## Task brief
Strip the pictures and reproduce the rest of the listing exactly.

## Data below
*** Block opens ***

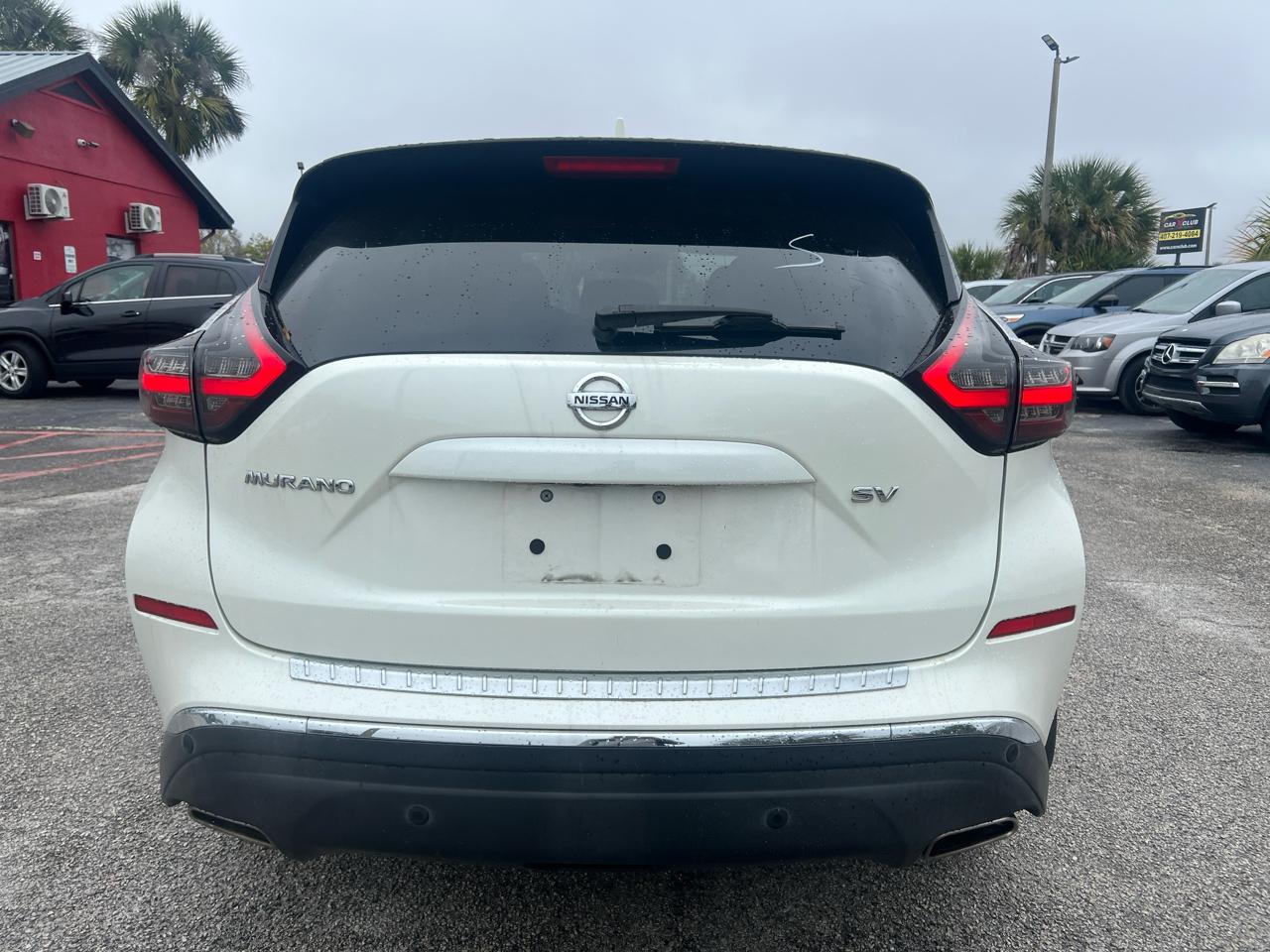 Nissan Murano SV 2021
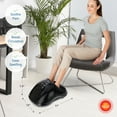 thumbnail image 5 of Daiwa Felicity Reflexology Foot Massager with Heat for Circulation and Pain Relief Shiatsu Massage for Feet, 5 of 7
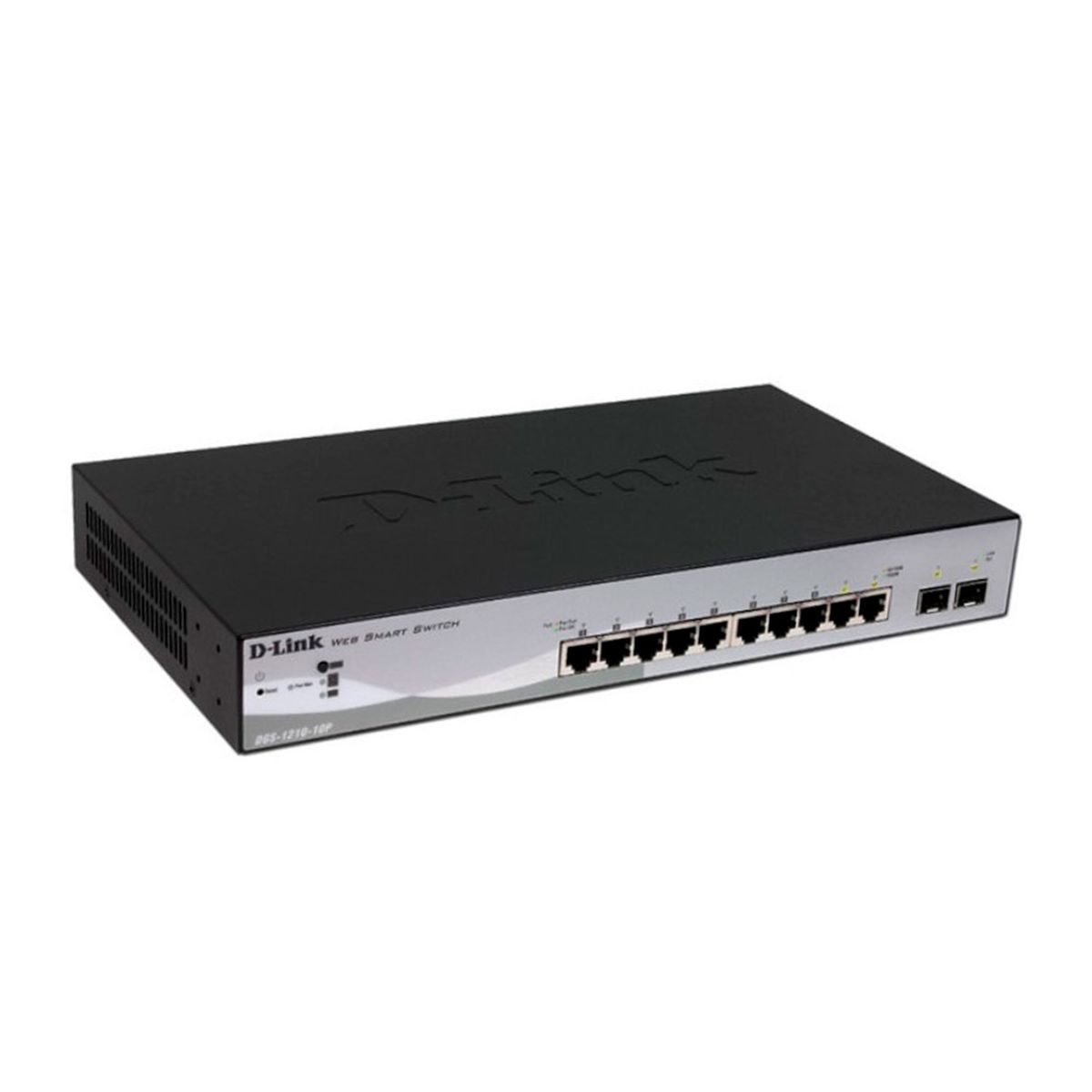 D LINK - SWITCH D-LINK DGS-1210-10P 10 PUERTOS 1000 MBPS PN NWDLDGS121010P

*** Block closes ***

## Solution to this problem
 Nissan Murano SV 2021
 thumbnail image 5 of Daiwa Felicity Reflexology Foot Massager with Heat for Circulation and Pain Relief Shiatsu Massage for Feet, 5 of 7
 D LINK - SWITCH D-LINK DGS-1210-10P 10 PUERTOS 1000 MBPS PN NWDLDGS121010P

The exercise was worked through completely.